Sunrise and shadows
The joint European-Japanese BepiColombo mission captured this view of Mercury on 23 June 2022 as the spacecraft flew past the planet for its second of six gravity assist manoeuvres at Mercury. This image was taken at 09:48:22 UTC by the Mercury Transfer Module’s Monitoring Camera 1 (MCAM-1) when the spacecraft was 680 km from Mercury, the first image capturing the illuminated surface of Mercury during the flyby. Closest approach of 200 km took place shortly before, at 09:44 UTC.
The cameras provide black-and-white snapshots in 1024 x 1024 pixel resolution. This image has been 'block replicated' to 2048 x 2048 pixels. Some imaging artefacts such as horizontal striping are also visible. The cameras positioned such that various parts of the spacecraft can be seen. MCAM-1 looks along one of the solar arrays of the Mercury Transfer Module (left in this orientation), together with part of the spacecraft body (top right) where its thermal blanket can be seen. In this image, north is up.
Only a small portion of Mercury is visible in this frame but the surface features and particularly the roughness of the terrain are enhanced by the shadows cast by the Sun, which, shortly after local dawn, was low in the sky. To the left of the image, only the rims of craters are visible along the terminator (the location between night and day), while their floors are covered in shadow (for example, Benoit crater).

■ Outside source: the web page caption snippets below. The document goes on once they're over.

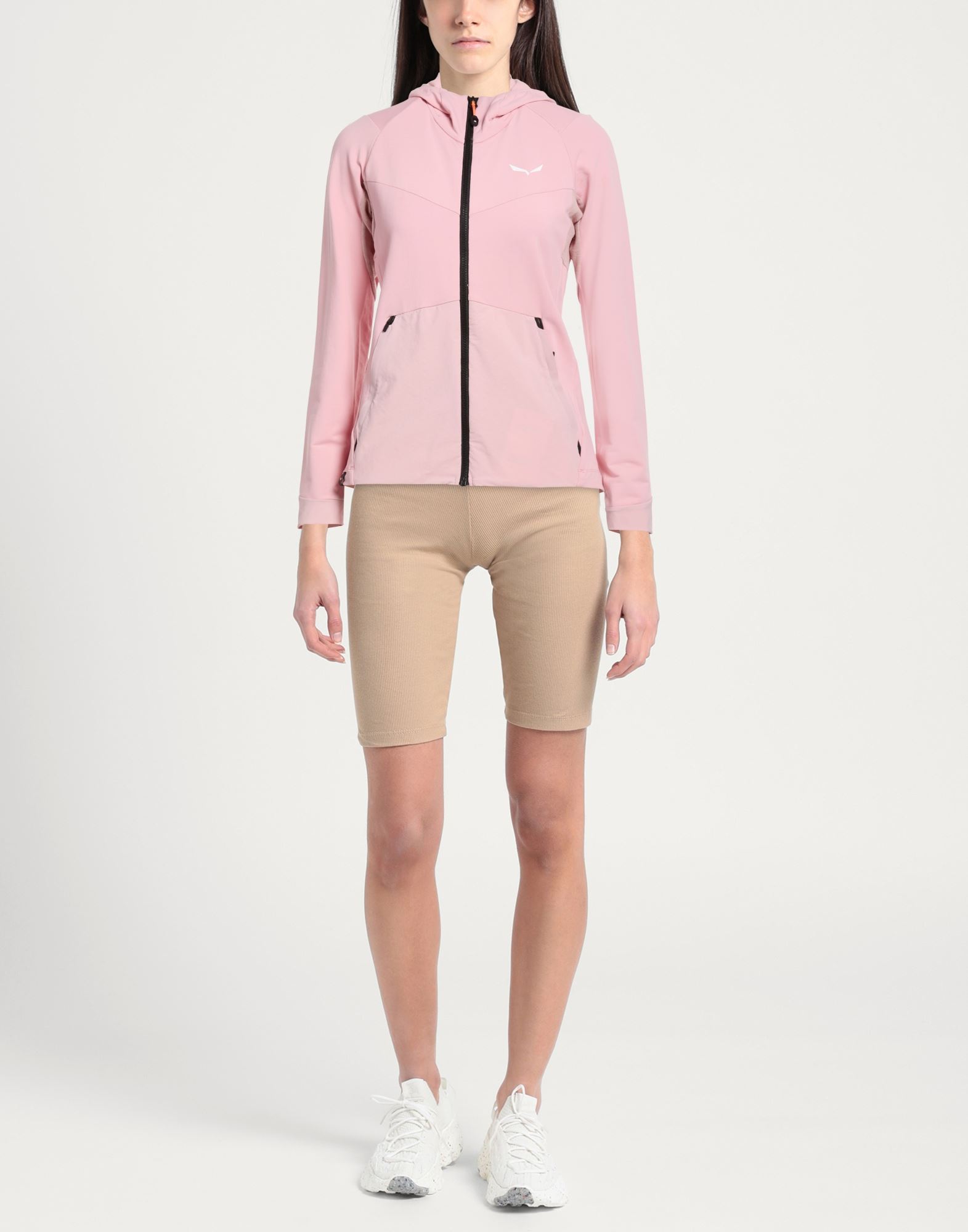  Salewa - Tops - Sweatshirts - On Yoox.com 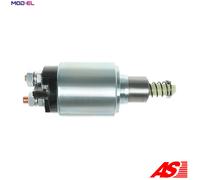 Starter solenoid switch SS0015 AS-PL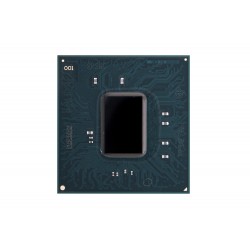 Intel BD82B250 SR2WC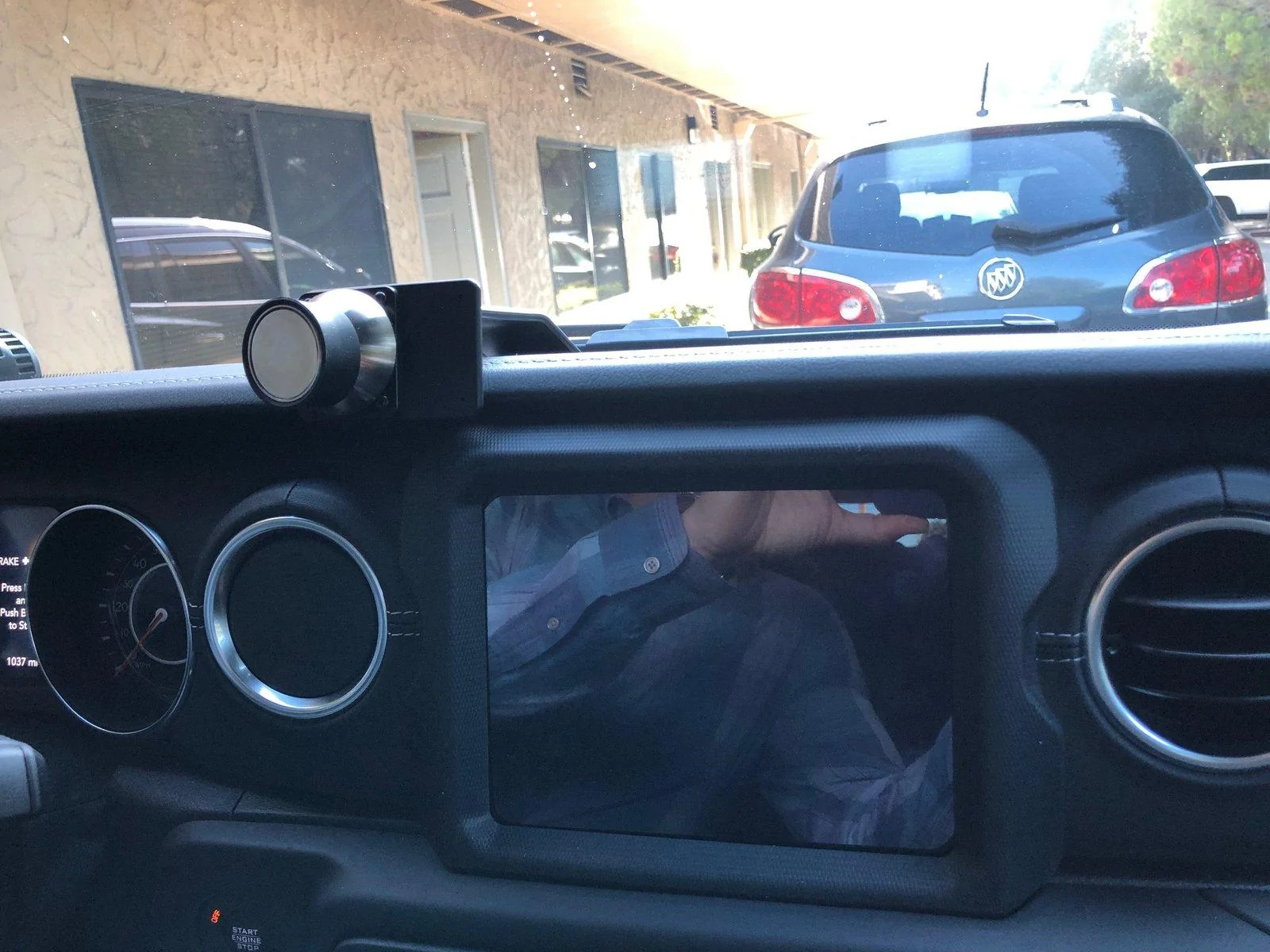 Jeep 14.webp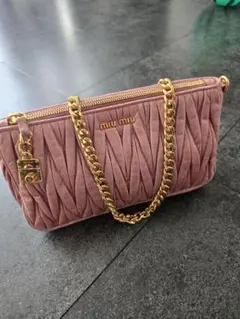 Item thumbnail for item 69d2c29c-044c-4446-a44f-173c1fa8788d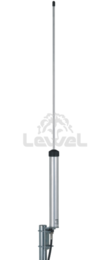 Antena CX-164 U SIRIO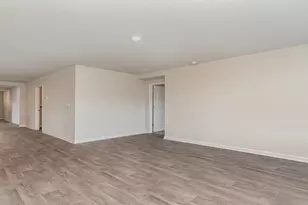 1018 Rampart Ct, Lugoff, SC 29078 - Photo 13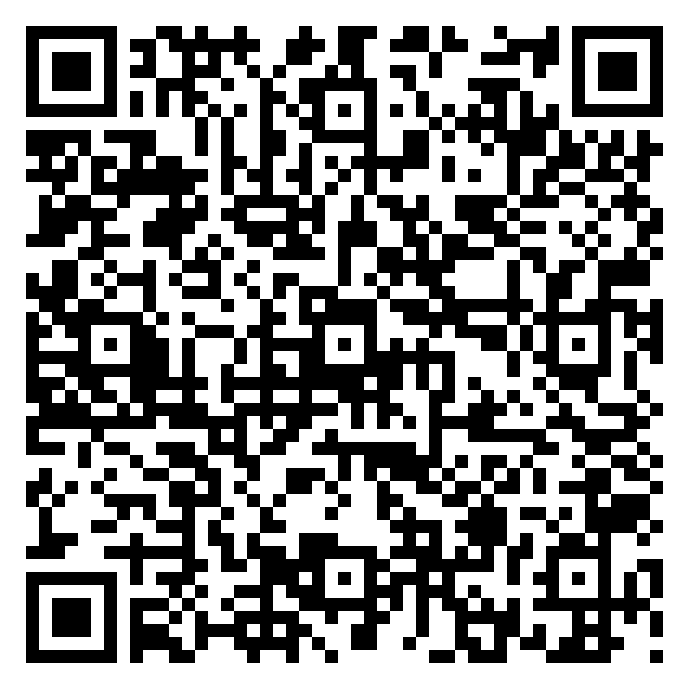 kod QR z danymi kontaktowymi 01241183400000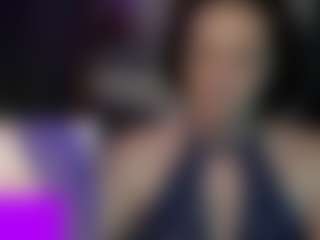 abagailsoft's Live Sex Cam Show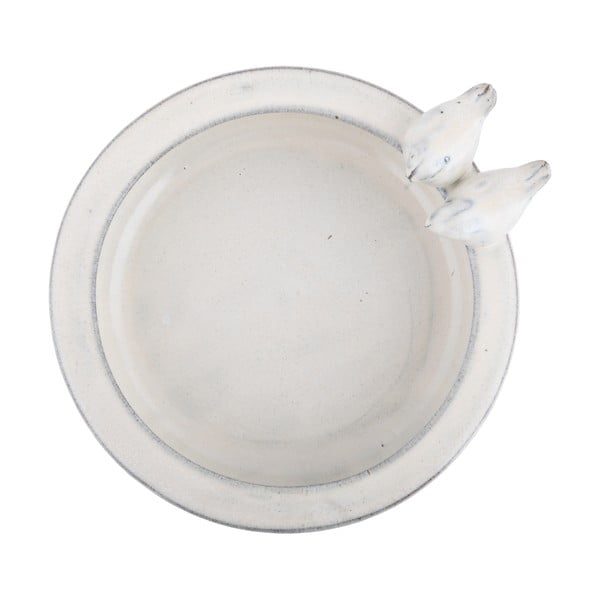 Napájadlo pre vtáčiky – Esschert Design-image-4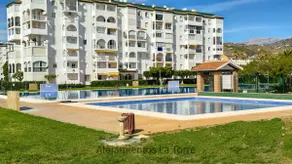 Laguna Beach Costasol - La Torre Accommodations - Image 5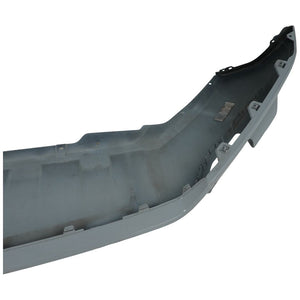 SKODA KAROQ Sportline FRONT BUMPER Valance 2017 onwards SUV GENUINE 57A807061C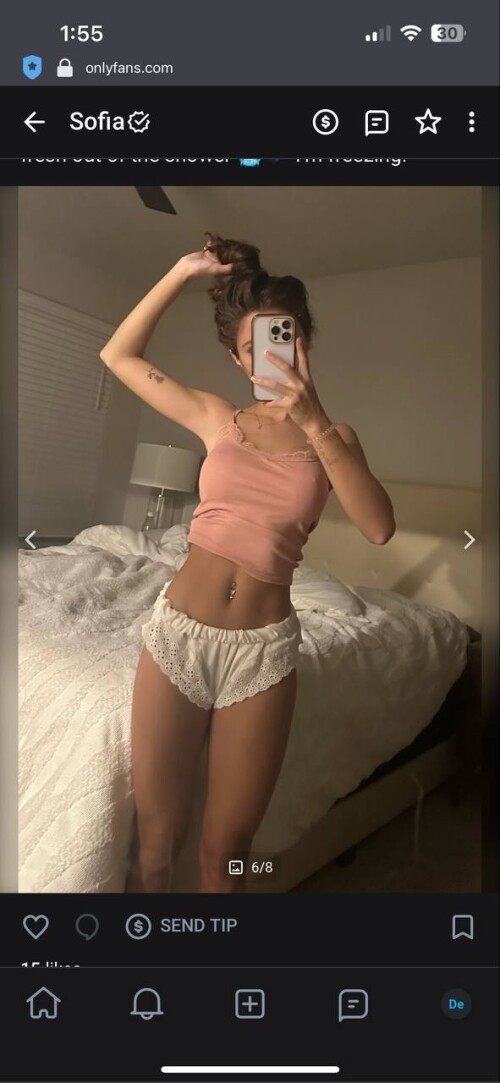 Catalinasof Janicee.janicee Nude Leaked Onlyfans Photo Catalinasof Janicee.janicee Nude Leaked Onlyfans Photo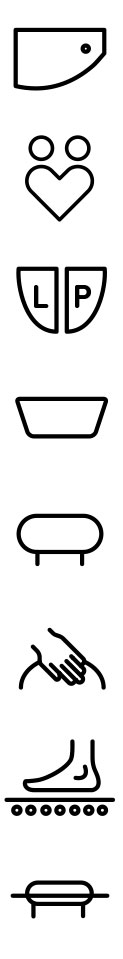 finezja-nova-aszimmetrikus-sarokkad-ikon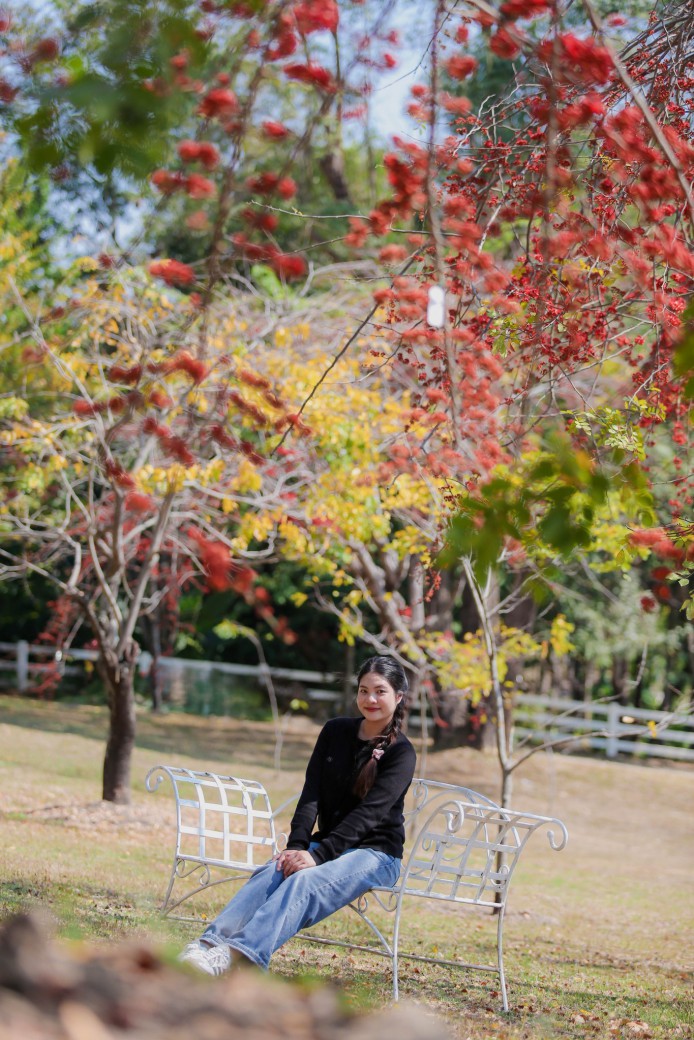 FILE-20260220-1418TNT82X6XMCFS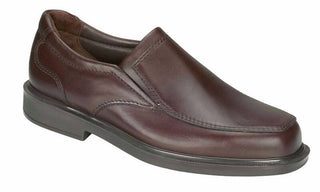 Sas - Sapatos Mocassim Diplomat Masculino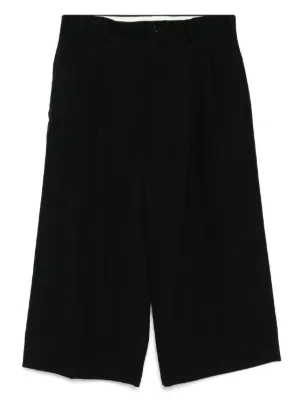 Comme Des Garçons Girl ウィメンズ パンツ通販 - FARFETCH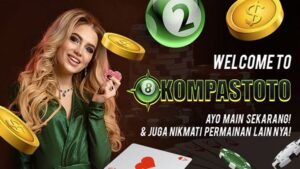 Kompastoto 2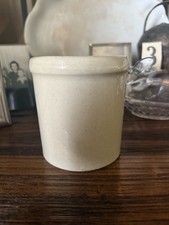 Vtg ohio stoneware for sale  Norfolk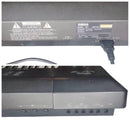 Yamaha Analog Synthesizers 251 W7 61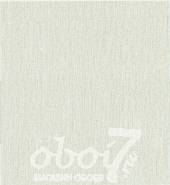 Коллекция Flavor of Dream, артикул fd812911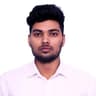 Shivam Maurya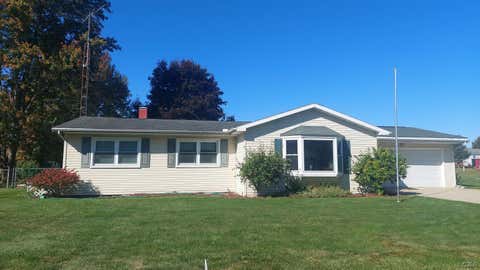 Photo for 2816 SPIELMAN HEIGHTS Drive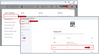 edit email.png
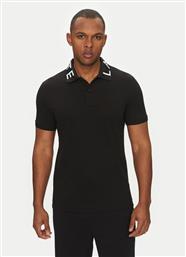 POLO LACOSTE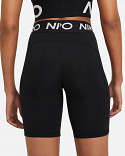 Nike Pro 365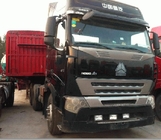 70 Tôn Xe Xúc kéo với sức tải lớn, Xe tải Dump Truck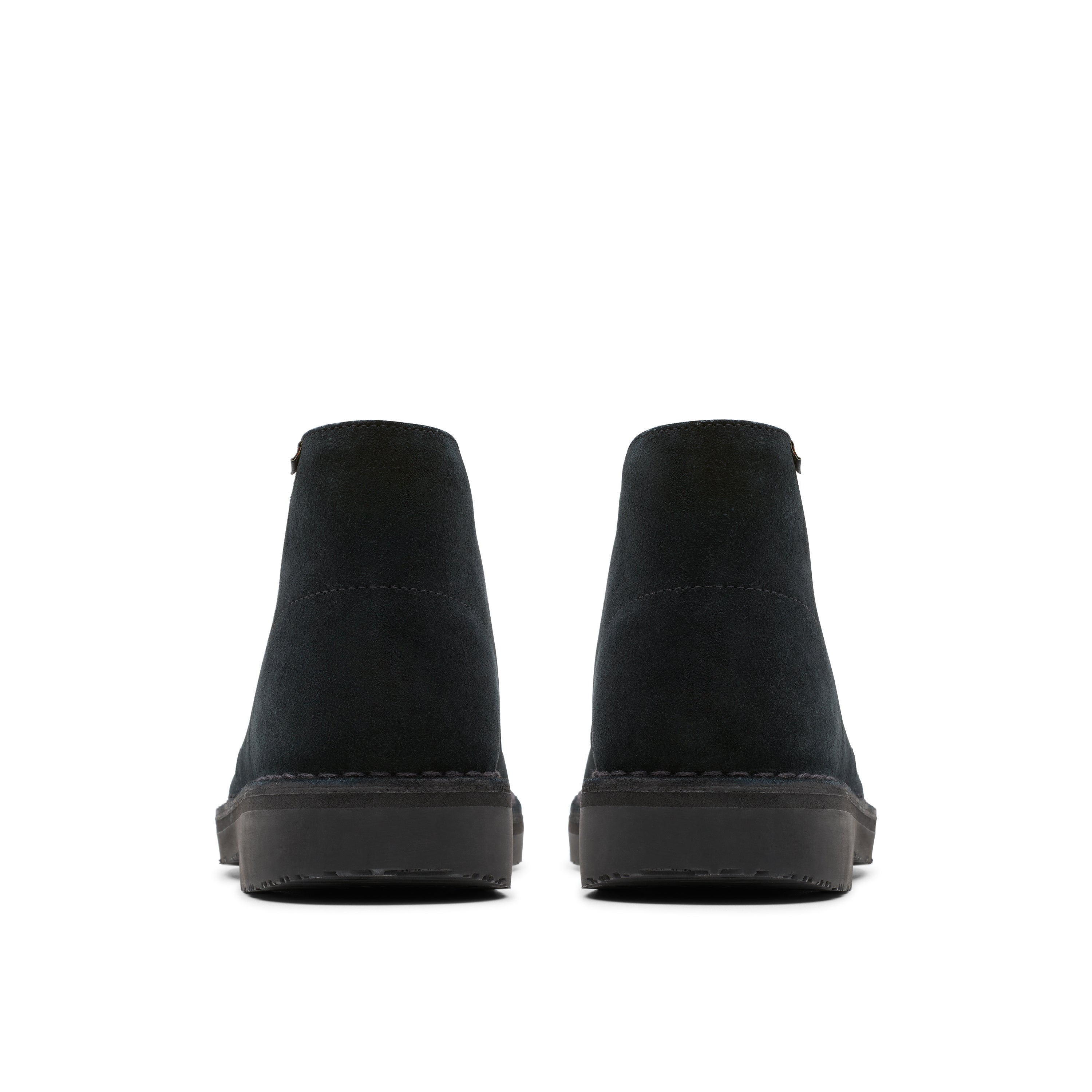 Desert Boot GTX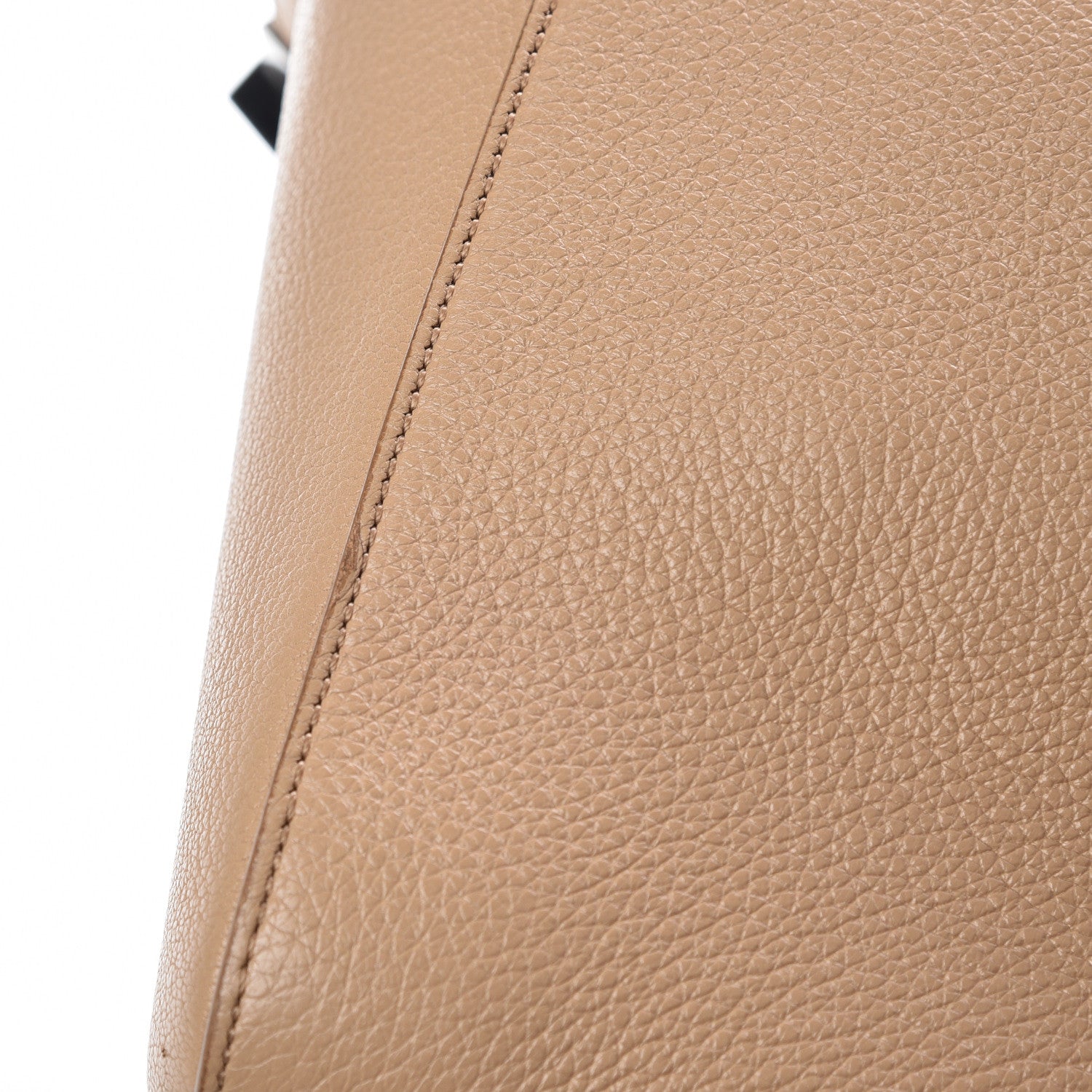 Givenchy Sugar Goatskin Medium Antigona Nude 16 of 21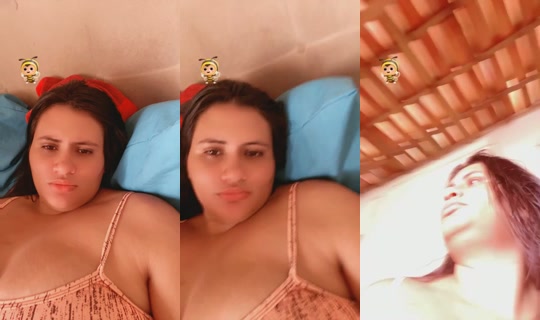 33727387's Live Session — Aug 6, 2026, 3:42 PM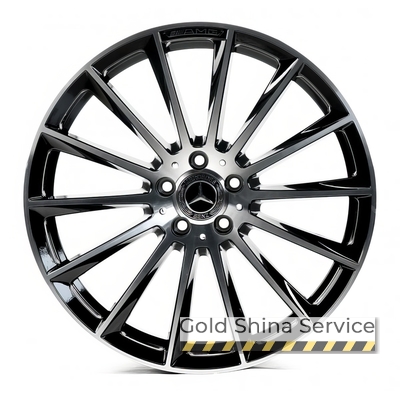 Replica MR3061 9.5x20 5x112 ET43 DIA66.5 MB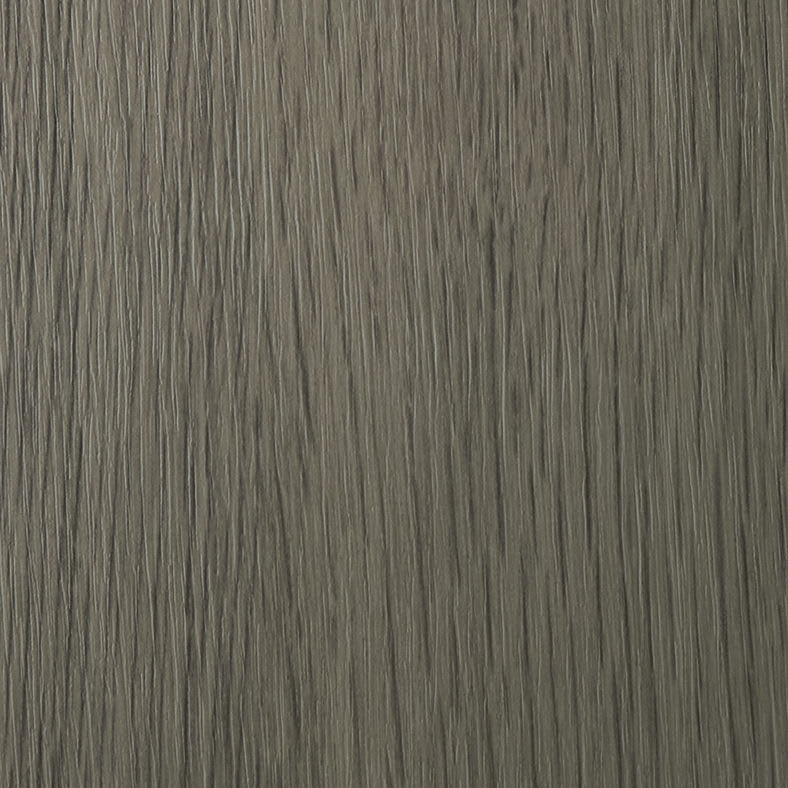 3M™ DI-NOC™ Oberflächenveredelung Wood Grain, WG-2433, 1220 mm x 50 m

Thanks to these lighting conditions, some deep trough-like features propagating radially from the centre of the Eminescu crater are clearly visible. These are very closely spaced chains of so-called secondary craters formed by the impact of material ejected from the central primary crater. These features are one observation that can allow us to determine the relative age of a crater since they tend to degrade and disappear over time. The brightness of a surface provides another clue, as fresh, bright features tend to fade over time as well. Eminescu’s floor is not just bright because of its young age, however, but also because of the clustering of hollows around its central peak. Hollows are a unique geologic feature to Mercury, and will be studied in depth once BepiColombo is in orbit around the planet.
Another bright area to the right looks overexposed in the image because of the bright rays emanating from the Xiao Zhao crater that cover that region. Although the rim of this rayed crater is not visible, it is probably located within the overexposed area.
Click here for an annotated version of this image.
The gravity assist manoeuvre was the second at Mercury and the fifth of nine flybys overall. During its seven-year cruise to the smallest and innermost planet of the Solar System, BepiColombo makes one flyby at Earth, two at Venus and six at Mercury to help steer on course for Mercury orbit in 2025. The Mercury Transfer Module carries two science orbiters: ESA’s Mercury Planetary Orbiter and JAXA’s Mercury Magnetospheric Orbiter. They will operate from complementary orbits to study all aspects of mysterious Mercury from its core to surface processes, magnetic field and exosphere, to better understand the origin and evolution of a planet close to its parent star.